The Australian Travel Industry Association (ATIA) has urged the Reserve Bank of Australia (RBA) to reconsider proposals that would remove merchants’ ability to surcharge for card payments, warning that such a move could severely impact travel agents, tour operators and their customers.
In a submission to the RBA’s Review of Merchant Card Payment Costs and Surcharging, ATIA said 95 per cent of its members, including retail and corporate travel agencies, tour operators, consolidators and wholesalers, rely on surcharges to recover the genuine costs of card payments.
Unlike most retailers, travel agents handle large transactions averaging between $6,400 and $10,000, often paid up to 100 days in advance.
This exposes businesses to risks such as extended chargeback liabilities and demands from acquirers for bonds of more than $1 million to maintain merchant facilities.
Merchant fees on such bookings can exceed $100 per transaction, a cost ATIA says is impossible to absorb given average industry profit margins of just 0.75 to 3.9 per cent.
ATIA warned that a full ban would either force businesses to increase base prices or introduce higher service fees, resulting in across the board cost of living increases.
“This approach removes transparency in payment costs and unfairly shifts the financial burden onto all consumers at a time when cost of living pressures are already acute,” the submission stated.
The association has instead called for a compromise banning surcharges on debit cards only while maintaining the ability to surcharge credit card payments.
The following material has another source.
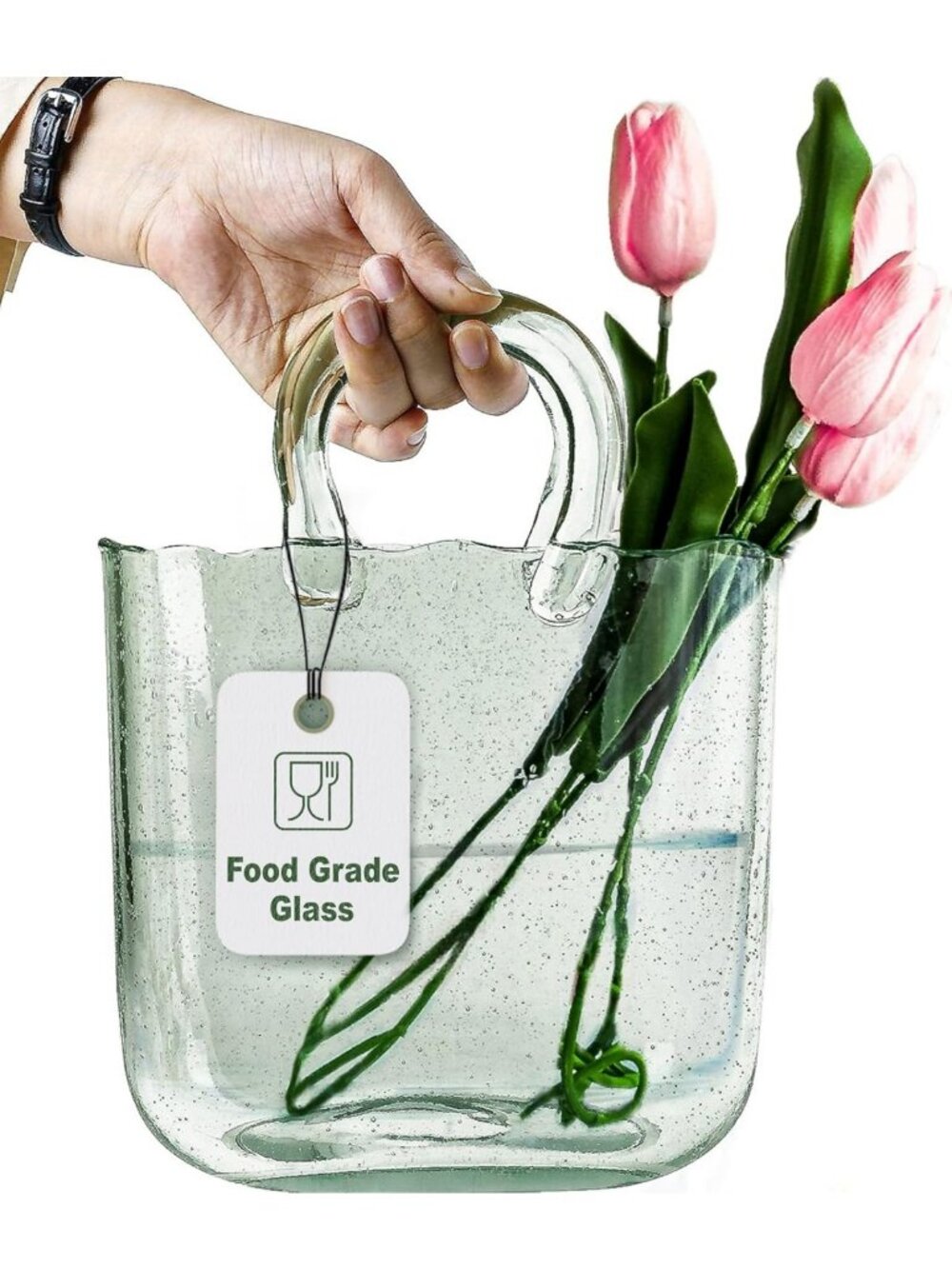 Handmade 10" Clear Glass Purse Vase - Unique Decorative Flower Centerpiece, Fish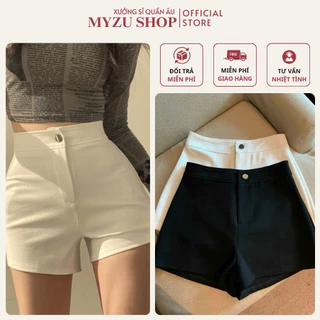 Quần Đùi Nữ Bó Sát Cạp Cao Chất Vải Umi Hàn Co Dãn 4 Chiều Quần Short Lưng Cao Gen Bụng Nâng Mông Tôn Dáng Cho Nữ MYZ11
ATIA said this would avoid the most damaging consequences for small businesses while still delivering estimated consumer benefits of $650 million.
It argued that travel industry payment providers can already differentiate between debit and credit cards at the point of transaction and concerns about implementation costs reflect “a lack of long term investment” by large payment platforms.
ATIA has also called for broader reforms alongside any surcharge changes, including simplification of scheme rules, greater transparency and caps on scheme fees, mandatory Least Cost Routing applied by default on all debit transactions, and delaying any ban for at least 12 months to allow businesses to renegotiate contracts and adjust systems.
The association has recommended a four year review to ensure reforms are delivering the intended consumer and industry benefits.